GET YOUR TRIPS TO THE CLEANERS IN NOW, BEFORE OBAMA TAKES YOU THERE HIMSELF – AT 8:22 A.M. ET: The president wants to impose a new energy program on us. Americans understandably are apprehensive over the cost, having been burned repeatedly since Barack Obama took the oath of office. Here are some numbers:
President Obama has a solution to the Gulf oil spill: $7-a-gallon gas.
That's a Harvard University study's estimate of the per-gallon price of the president's global-warming agenda. And Obama made clear this week that this agenda is a part of his plan for addressing the Gulf mess.
So what does global-warming legislation have to do with the oil spill?
Good question, because such measures wouldn't do a thing to clean up the oil or fix the problems that led to the leak.

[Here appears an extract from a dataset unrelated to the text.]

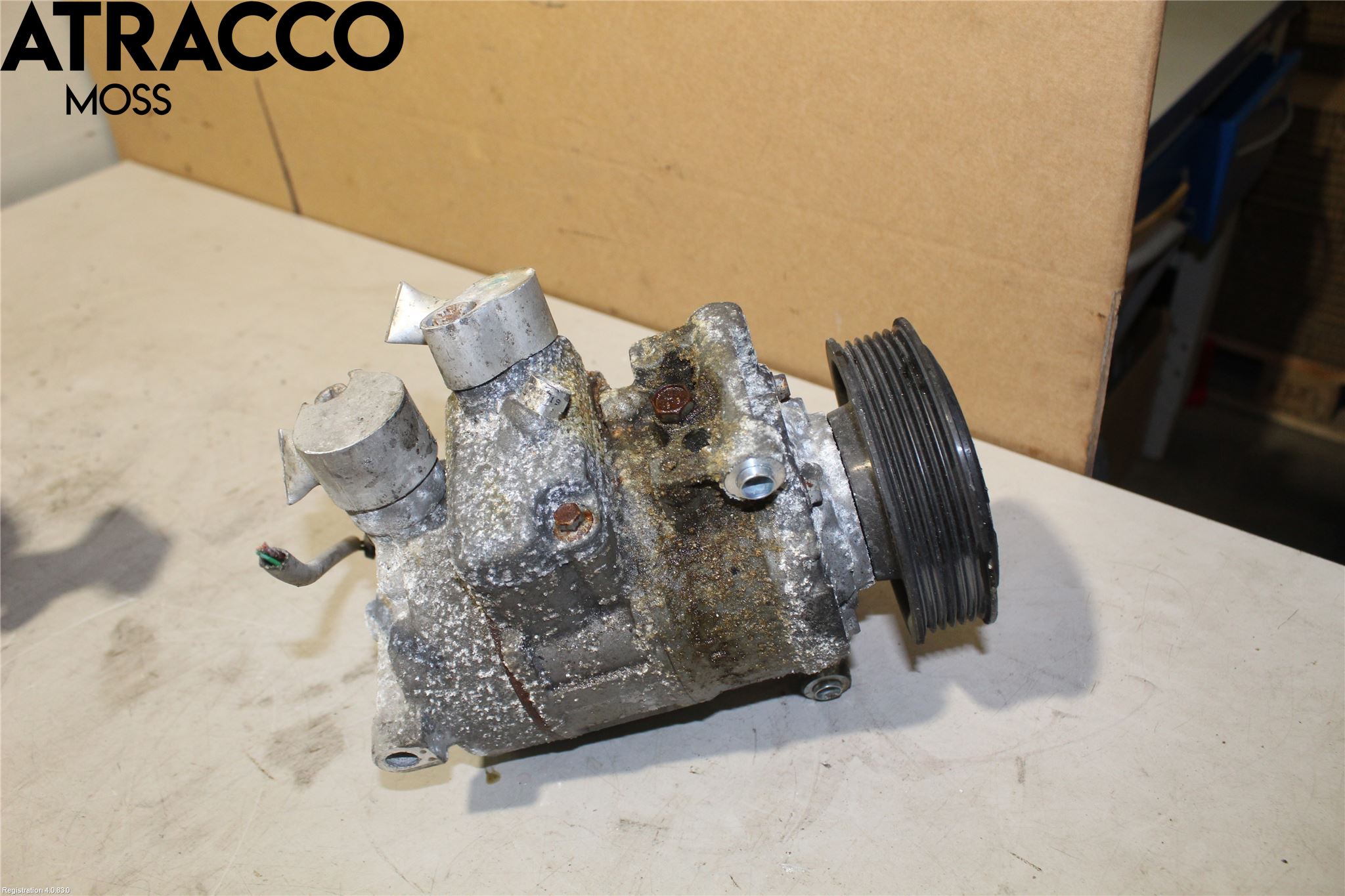 Volkswagen VW GOLF VI 09-13 Varme Ac Kompressor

The answer can be found in Obama Chief of Staff Rahm Emanuel's now-famous words, "You never want a serious crisis to go to waste -- and what I mean by that is it's an opportunity to do things that you think you could not do before."
And...
The logic linking cap-and-trade to the spill in the Gulf should frighten anyone who owns a car or truck. Such measures force up the price at the pump -- Harvard Kennedy School's Belfer Center for Science and International Affairs thinks it "may require gas prices greater than $7 a gallon by 2020" to meet Obama's stated goal of reducing emissions 14 percent from the transportation sector.

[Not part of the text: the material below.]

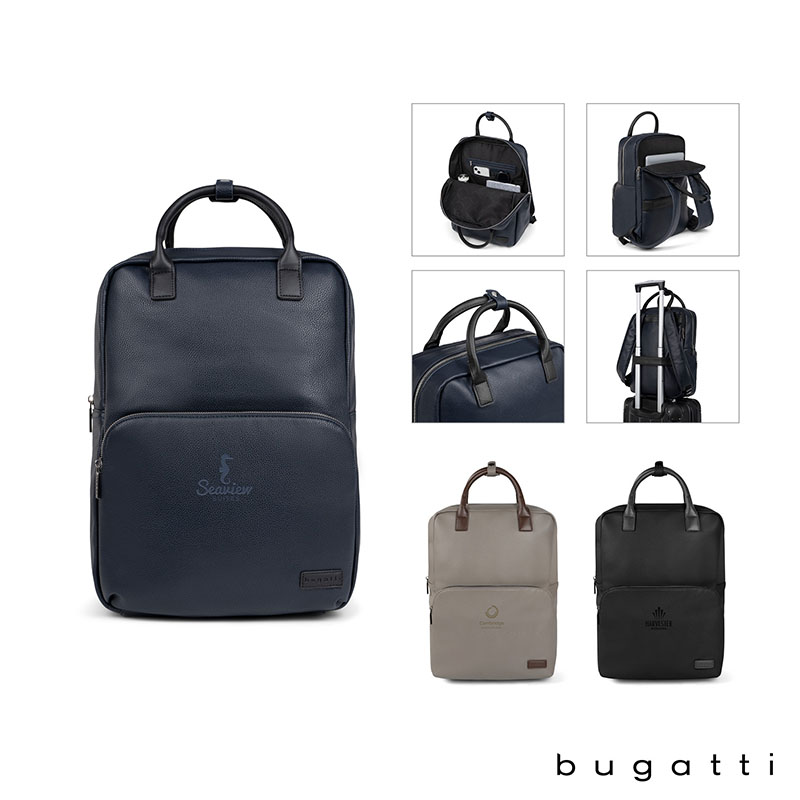 Picture of Bugatti Contrast Collection Backpack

Of course, doing so would reduce gasoline use and also raise market share for hugely expensive alternative fuels and vehicles that could never compete otherwise. Less gasoline demand means less need for drilling and thus a slightly reduced chance of a repeat of the Deepwater Horizon spill -- but only slightly. Oil will still be a vital part of America's energy mix.
COMMENT: Wasn't the Democratic Party once the party of the little guy? I wonder how the little guy feels about all this. Of course, the people in power will never know since they'd never stoop to talk to the little guy, unless he was maybe part of the grounds crew at Harvard.
Our economy is precarious enough without an energy program that will depress it further. We certainly do need new sources of energy, and we must reduce our dependence on foreign oil. But those goals will only be met by a balanced program of energy development – done mostly by the private sector – and an increase in drilling for the oil we already have. But that is heresy to Democrats, who lost interest in the average American decades ago.